John 15:18, He says to His disciples, “If the world hates you, you know that it has hated Me before it hated you.” “If the world hates you, you know that it has hated Me before it hated you. If you were of the world, the world would love its own; but because you are not of the world, but I chose you out of the world, because of this the world hates you.” “Don’t be surprised, really.” “Remember the word that I said to you, ‘A slave is not greater than his master.’ If they persecuted Me, they will also persecute you. If they kept My word, they will keep yours also. But all these things they will do to you for My name’s sake.” When you’re persecuted, it’s going to be because the name of Christ means something. “You’re being persecuted for My name, for you’re identifying with Me and My message of the gospel.”
And verse 21, He says, “‘And they do not know the One who sent Me”—“They hate Me, and they don’t know the One who sent Me.” “If I had not come and spoken to them, they would not have sin. But now they have no excuse for their sin. He who hates Me hates My Father also.”
Why do they hate Jesus and the Father? Because He exposed their—what? Their sin. Their sin. “If I had not done among them the works which no one else did, they would not have sin; but now they have both seen and hated Me and My Father as well.” “Even with all the works, they still hated Me”—because, as He says earlier in the gospel of John—“because I told them their deeds were evil.”
Really, summing it up, verse 25, “They hated Me without a cause.” “They hated Me without a cause.” They hated Him because of His message, and His message was the message of the gospel. But the gospel begins with the confrontation of sin and death and judgment.
Evangelicals today are being resented for the wrong reason. We’re being resented for our efforts in the political arena, efforts at societal morality, political power. This is why they accuse us of Christian nationalism, like trying to take over the government. An illustration of that: in Washington, D.C., there are currently in excess of two hundred religious advocacy groups that have several thousand employees and spend about $400 million a year to lobby and advocate with politicians to gain a foothold for religion and morality. Now you could get lost in the sea of all of those groups, but let me just pick one out.

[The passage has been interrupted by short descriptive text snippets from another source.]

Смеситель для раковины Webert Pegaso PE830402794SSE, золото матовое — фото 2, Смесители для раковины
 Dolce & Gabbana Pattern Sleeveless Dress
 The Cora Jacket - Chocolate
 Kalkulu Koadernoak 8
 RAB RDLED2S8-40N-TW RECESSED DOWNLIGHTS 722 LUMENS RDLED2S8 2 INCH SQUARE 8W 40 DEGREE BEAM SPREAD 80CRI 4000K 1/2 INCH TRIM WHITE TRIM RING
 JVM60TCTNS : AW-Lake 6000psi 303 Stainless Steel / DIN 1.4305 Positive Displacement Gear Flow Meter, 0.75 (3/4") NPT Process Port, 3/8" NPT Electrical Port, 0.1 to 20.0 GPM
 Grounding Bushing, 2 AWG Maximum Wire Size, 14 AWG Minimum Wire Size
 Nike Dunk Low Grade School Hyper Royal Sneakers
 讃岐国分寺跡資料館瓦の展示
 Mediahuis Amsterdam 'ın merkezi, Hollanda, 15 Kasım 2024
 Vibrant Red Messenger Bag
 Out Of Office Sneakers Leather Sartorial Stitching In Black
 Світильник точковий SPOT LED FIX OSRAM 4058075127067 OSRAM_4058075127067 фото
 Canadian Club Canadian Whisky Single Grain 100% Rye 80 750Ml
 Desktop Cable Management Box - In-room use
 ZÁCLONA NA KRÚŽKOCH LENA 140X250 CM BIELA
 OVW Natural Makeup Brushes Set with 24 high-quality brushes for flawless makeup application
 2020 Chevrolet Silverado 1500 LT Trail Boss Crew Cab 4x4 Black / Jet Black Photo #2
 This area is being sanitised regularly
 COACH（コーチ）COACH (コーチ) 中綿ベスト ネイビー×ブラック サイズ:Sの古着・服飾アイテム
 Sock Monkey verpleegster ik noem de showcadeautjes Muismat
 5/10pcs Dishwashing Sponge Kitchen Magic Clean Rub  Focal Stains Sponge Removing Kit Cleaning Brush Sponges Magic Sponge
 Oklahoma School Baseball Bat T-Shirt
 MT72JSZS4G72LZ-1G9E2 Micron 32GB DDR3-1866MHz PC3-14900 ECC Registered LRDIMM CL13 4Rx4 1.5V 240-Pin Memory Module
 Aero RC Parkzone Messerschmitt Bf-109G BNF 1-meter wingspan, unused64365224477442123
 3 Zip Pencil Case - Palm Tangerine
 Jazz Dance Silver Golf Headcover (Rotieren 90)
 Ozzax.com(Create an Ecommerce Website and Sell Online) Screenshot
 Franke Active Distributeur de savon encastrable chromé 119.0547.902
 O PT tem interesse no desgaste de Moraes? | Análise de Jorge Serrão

A very significant group is called the Christian Coalition, the Christian Coalition. And I looked them up just to see what their purpose was, and here’s their agenda. I’ll give you the list. One, stop funding abortion. OK, I certainly agree with that. Number two, secure energy independence. I even like fossil fuels. God provided them. Three, reform criminal justice. Now, that would be good. People ought to be treated fairly. I don’t know, I wouldn’t want to be in a jury trial. Protect the environment—lots of luck with that. And finally, repeal Obamacare.
So did you notice anything Christian about any of that? What is a Christian coalition? There’s nothing Christian about any of those things. Oh, and by the way, they also said there were 300 other issues, so that would make 315, none of which is the only issue that Christians should be concerned about, which is what? The gospel. If we’re going to be resented, let’s be resented for what we’re supposed to be resented for.
Now look, I feel just the way any Christian person would feel about a morally debauched culture. I hate it. I resent everything about it. I would love to be in a society of virtue and integrity and truth and honesty. I support and pursue biblical morality. I couldn’t do less—a Christian can’t do less; a preacher can’t do less. I expose and attack the sins that destroy society as the prophets did.
But that’s not why we’re in the world. The issue is if you want lasting virtue and you want genuine righteousness, how do you get it? Through politics and media and lobbying and a measure of public intimidation, paying millions of dollars and pouring money into elections and media events and pressure groups trying to sanitize America? And for all that, you’re hated for your societal and political ambition. Is that the Christian mandate?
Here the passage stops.